Both the NMath FFT and the FFTW have a pre-computation setup that establishes the best algorithmic approach for the DFT at hand, before computing any FFT’s. This pre-computational phase is not included in the times below. In the case of the NMath FFT classes, this pre-computational phase in done in the class constructor; Therefore users must avoid constructing NMath FFT classes in tight loops for best performance (as shown in the benchmark code below). Below is a small side-by-side comparison between FFTW and NMath’s FFT (using the numbers from above).

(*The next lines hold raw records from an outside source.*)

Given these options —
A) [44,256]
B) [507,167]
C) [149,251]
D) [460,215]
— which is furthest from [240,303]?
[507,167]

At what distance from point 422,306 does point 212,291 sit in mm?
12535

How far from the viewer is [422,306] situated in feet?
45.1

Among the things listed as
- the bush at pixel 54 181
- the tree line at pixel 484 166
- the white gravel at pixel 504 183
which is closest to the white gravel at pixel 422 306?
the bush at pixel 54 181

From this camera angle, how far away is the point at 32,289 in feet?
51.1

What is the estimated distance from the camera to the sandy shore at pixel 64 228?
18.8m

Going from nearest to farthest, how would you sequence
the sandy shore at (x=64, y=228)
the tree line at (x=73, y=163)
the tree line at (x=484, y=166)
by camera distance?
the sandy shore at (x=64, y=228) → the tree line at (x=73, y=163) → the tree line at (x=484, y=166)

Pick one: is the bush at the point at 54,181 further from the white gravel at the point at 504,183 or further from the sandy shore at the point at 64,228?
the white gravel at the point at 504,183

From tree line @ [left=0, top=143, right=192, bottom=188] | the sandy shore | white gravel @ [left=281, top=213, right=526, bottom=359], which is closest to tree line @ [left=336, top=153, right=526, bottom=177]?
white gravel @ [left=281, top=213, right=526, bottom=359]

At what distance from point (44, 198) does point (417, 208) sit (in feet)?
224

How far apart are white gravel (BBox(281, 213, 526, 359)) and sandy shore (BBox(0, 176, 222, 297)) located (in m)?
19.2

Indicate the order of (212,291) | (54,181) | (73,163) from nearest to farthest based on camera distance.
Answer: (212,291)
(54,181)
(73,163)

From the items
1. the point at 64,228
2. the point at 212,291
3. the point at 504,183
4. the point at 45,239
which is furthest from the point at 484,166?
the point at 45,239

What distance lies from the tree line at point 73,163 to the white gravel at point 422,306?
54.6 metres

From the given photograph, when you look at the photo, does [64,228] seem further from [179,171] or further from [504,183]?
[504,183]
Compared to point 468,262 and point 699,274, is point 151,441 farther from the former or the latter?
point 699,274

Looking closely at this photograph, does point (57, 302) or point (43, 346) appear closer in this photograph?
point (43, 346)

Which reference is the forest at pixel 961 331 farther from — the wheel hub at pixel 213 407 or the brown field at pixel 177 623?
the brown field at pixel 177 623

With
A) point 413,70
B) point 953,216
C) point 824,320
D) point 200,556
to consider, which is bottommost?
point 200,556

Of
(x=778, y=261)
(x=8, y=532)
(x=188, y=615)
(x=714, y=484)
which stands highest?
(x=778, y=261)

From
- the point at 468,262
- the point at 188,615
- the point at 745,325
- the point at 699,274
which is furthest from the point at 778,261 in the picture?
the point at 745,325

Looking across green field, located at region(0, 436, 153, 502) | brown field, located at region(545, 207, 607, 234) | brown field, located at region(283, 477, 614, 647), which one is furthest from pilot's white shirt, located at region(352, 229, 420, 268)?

Comparison of a forward, real, out-of-place FFT.
FFT length FFTW NMATH FFT
1024 4.14 μs 4.36 μs
1000 5.98 μs 5.33 μs
4096 20.31 μs 21.71 μs
4095 49.90 μs 43.01 μs
1024^2 17.16 ms 15.63 ms

Clearly NMATH is very competitive with, and at times out-performs FFTW for real FFT’s of both power-of-2 length signals and otherwise. I chose 1D real signals as a test case because this is one of the most frequent use cases of our NMATH FFT library.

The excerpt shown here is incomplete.